Data segment>
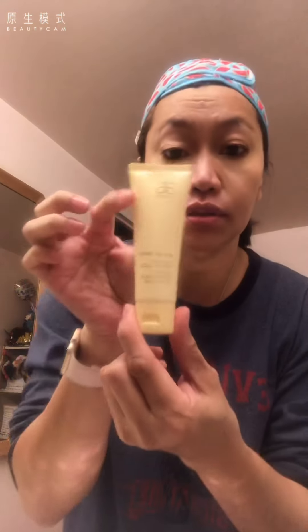Now it's time to put the other part of the mask. It's called Cellular Renewal Mask. So this one is thinner.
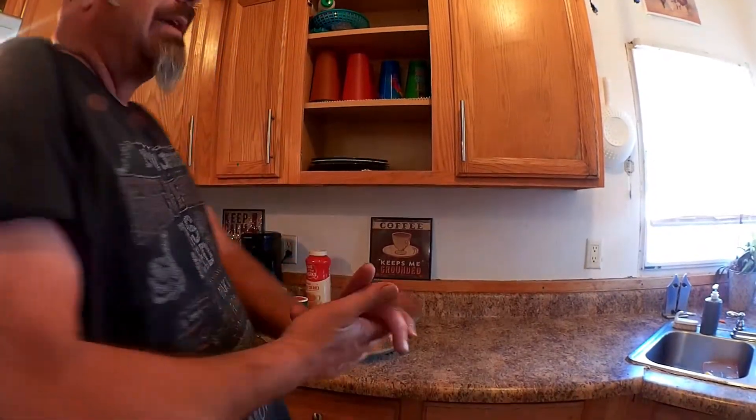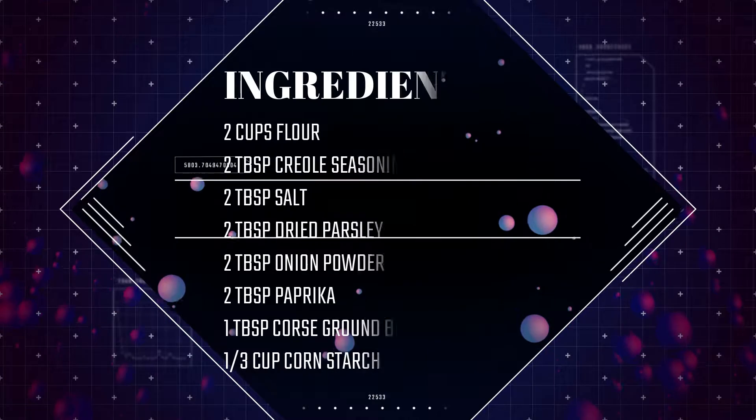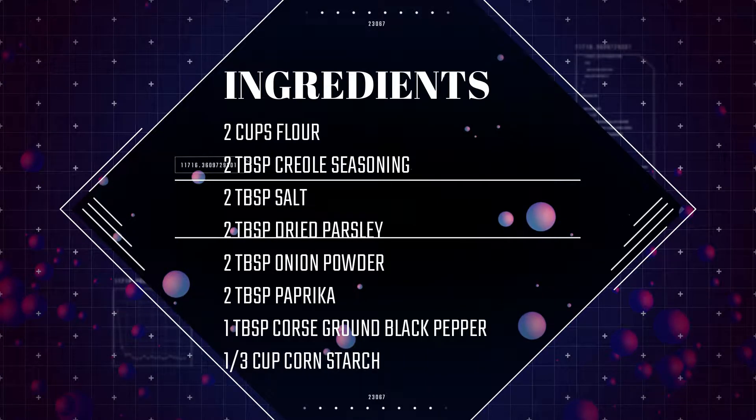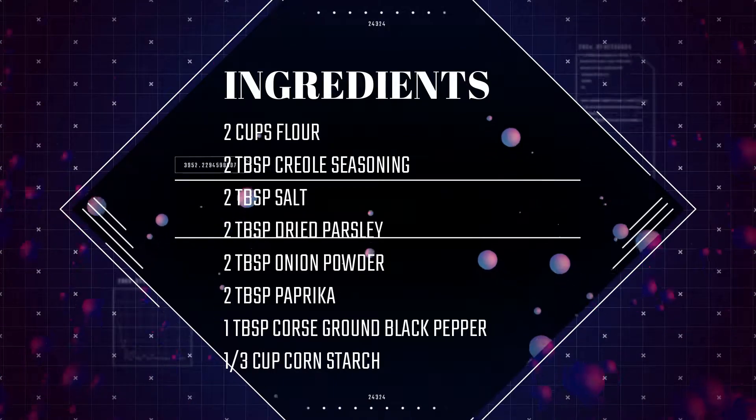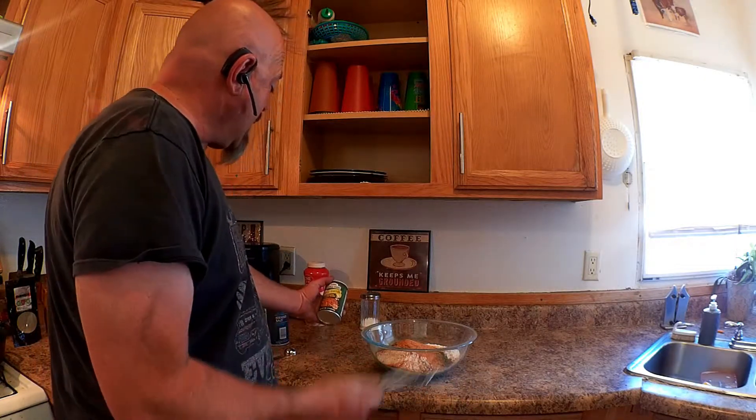So this is kind of what we're doing — you could buy what's known as a kernel flour, it's already pre-mixed, it's really good, but it's about $1.99. What I like to do is make my own version of seasoned flour. I've got four cups of flour and I'm going to build it from there.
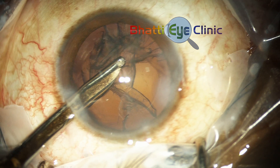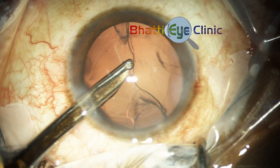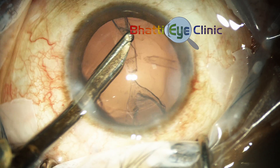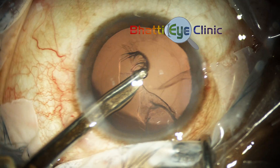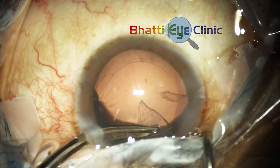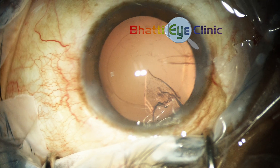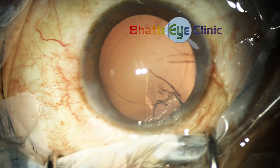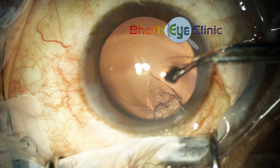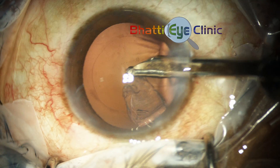Here again you can see the cannula being maneuvered under the anterior leaf of the cortex, and then the cortex is stripped to the center and removed by increasing the suction. If it's difficult to access the anterior leaf from one of the ports, the other port can then be used to strip the cortex.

Work to be completed> Print all of the material exactly. Omit pictures.

Solution to the problem>
Now it's time to put the other part of the mask. It's called Cellular Renewal Mask. So this one is thinner.
So this is kind of what we're doing — you could buy what's known as a kernel flour, it's already pre-mixed, it's really good, but it's about $1.99. What I like to do is make my own version of seasoned flour. I've got four cups of flour and I'm going to build it from there.
Here again you can see the cannula being maneuvered under the anterior leaf of the cortex, and then the cortex is stripped to the center and removed by increasing the suction. If it's difficult to access the anterior leaf from one of the ports, the other port can then be used to strip the cortex.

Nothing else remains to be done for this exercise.